DATA RECORDS:
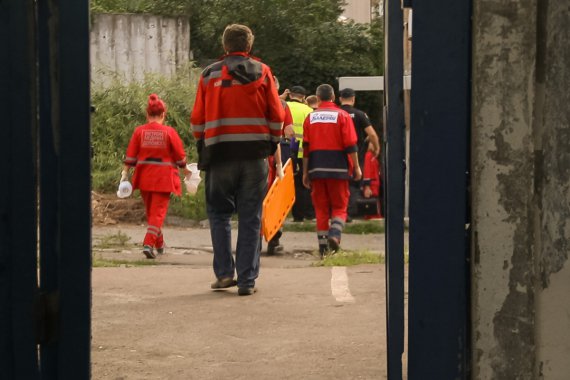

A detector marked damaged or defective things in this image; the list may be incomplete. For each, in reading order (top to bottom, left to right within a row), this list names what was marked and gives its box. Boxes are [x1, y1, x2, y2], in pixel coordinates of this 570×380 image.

cracked wall [470, 1, 568, 378]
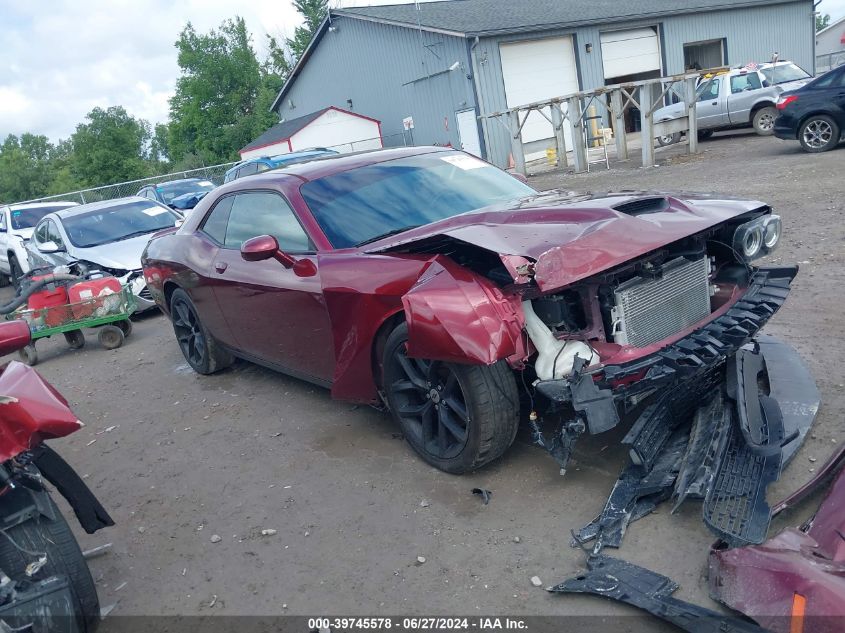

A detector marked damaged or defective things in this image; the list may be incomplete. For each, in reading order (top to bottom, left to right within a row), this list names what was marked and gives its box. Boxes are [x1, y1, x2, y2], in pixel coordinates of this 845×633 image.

crumpled front fender [400, 256, 524, 366]
damaged maroon car [142, 148, 796, 474]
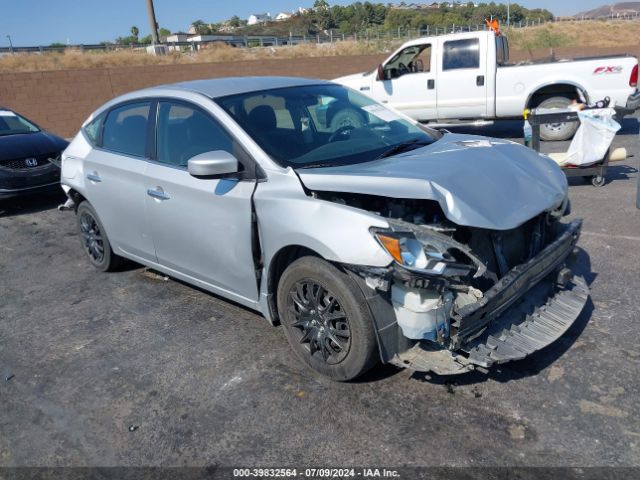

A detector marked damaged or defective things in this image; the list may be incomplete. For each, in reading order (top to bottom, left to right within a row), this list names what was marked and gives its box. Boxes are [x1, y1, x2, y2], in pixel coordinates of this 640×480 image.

crumpled hood [298, 133, 568, 231]
damaged front end [318, 191, 592, 376]
broken front bumper [350, 218, 592, 376]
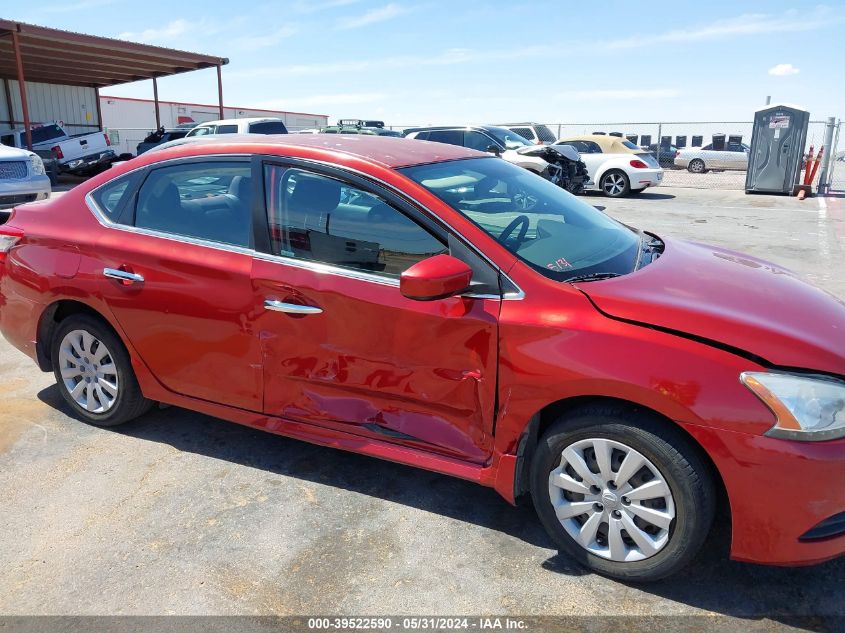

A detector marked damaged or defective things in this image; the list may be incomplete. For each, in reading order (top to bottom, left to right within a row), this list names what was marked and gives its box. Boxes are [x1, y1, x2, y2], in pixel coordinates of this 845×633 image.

damaged car door [251, 160, 502, 462]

WHAT NEEDS TO BE DONE: Skip all pictures. Write out only the lines from the one containing "this 640×480 image." to the end of the listing above, inclusive, exactly as given.

ANSWER:
A detector marked damaged or defective things in this image; the list may be incomplete. For each, in reading order (top to bottom, left to right within a row), this list names what was marked and gives its box. Boxes are [x1, y1, x2, y2], in pixel coordinates of this 640×480 image.

crumpled hood [298, 133, 568, 231]
damaged front end [318, 191, 592, 376]
broken front bumper [350, 218, 592, 376]

A detector marked damaged or defective things in this image; the list may be incomplete. For each, in reading order (top to bottom, left to right within a row), this list names what was marked and gives its box. Boxes are [x1, y1, x2, y2], in pixel coordinates of this 845×633 image.

damaged car door [251, 160, 502, 462]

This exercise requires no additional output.